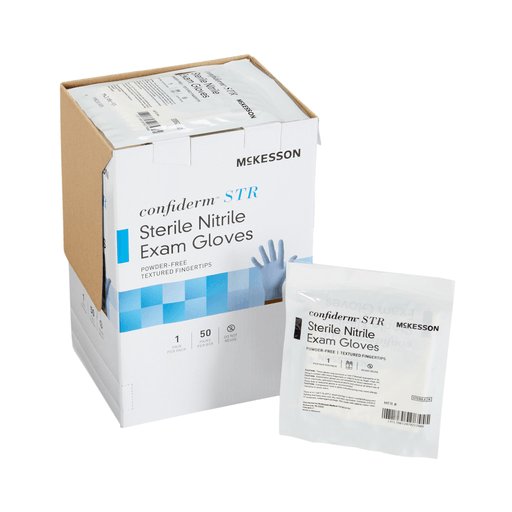 McKesson Confiderm® STR Nitrile Exam Glove, Extra Large, Blue | Quantity - 1x PR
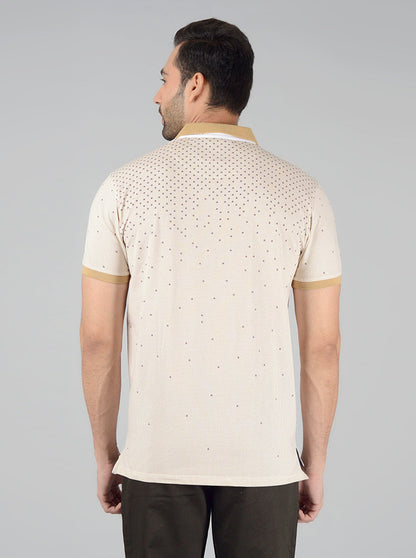 Cream Printed Slim Fit Polo T-Shirt | JB Sport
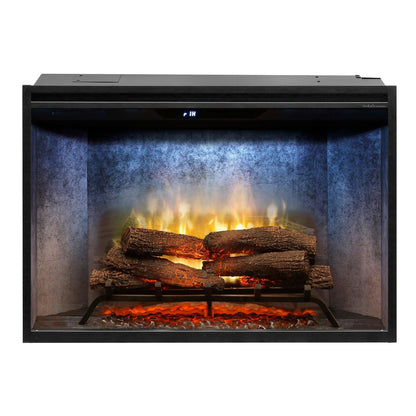 Dimplex Revillusion 36" Weathered Concrete Built-in Electric Firebox With Glass Pane and Plug Kit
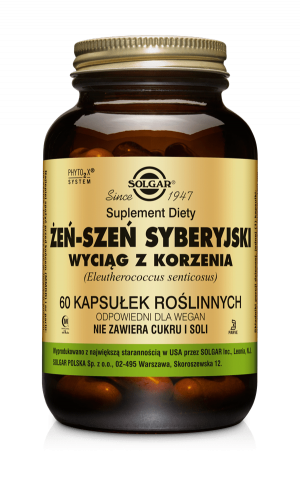 SOLGAR ŻEŃ -SZEŃ SYBERYJSKI Wspomaga zdolności psychiczne i fizyczne w przypadku osłabienia 60 kapsułek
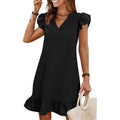 Qacohu Spring Summer Dresses For Women 2026 V Neck Cap Sleeve Ruffle Hem Smock Short Casual Beach Dress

* EXERCISE AIM *
Print every entry exactly as written, without the pictures.

* OUTPUT BELOW *
 McKesson Confiderm® STR Nitrile Exam Glove, Extra Large, Blue | Quantity - 1x PR
 Cream Printed Slim Fit Polo T-Shirt | JB Sport
 Dimplex Revillusion 36" Weathered Concrete Built-in Electric Firebox With Glass Pane and Plug Kit
 SOLGAR ŻEŃ -SZEŃ SYBERYJSKI Wspomaga zdolności psychiczne i fizyczne w przypadku osłabienia 60 kapsułek
 Qacohu Spring Summer Dresses For Women 2026 V Neck Cap Sleeve Ruffle Hem Smock Short Casual Beach Dress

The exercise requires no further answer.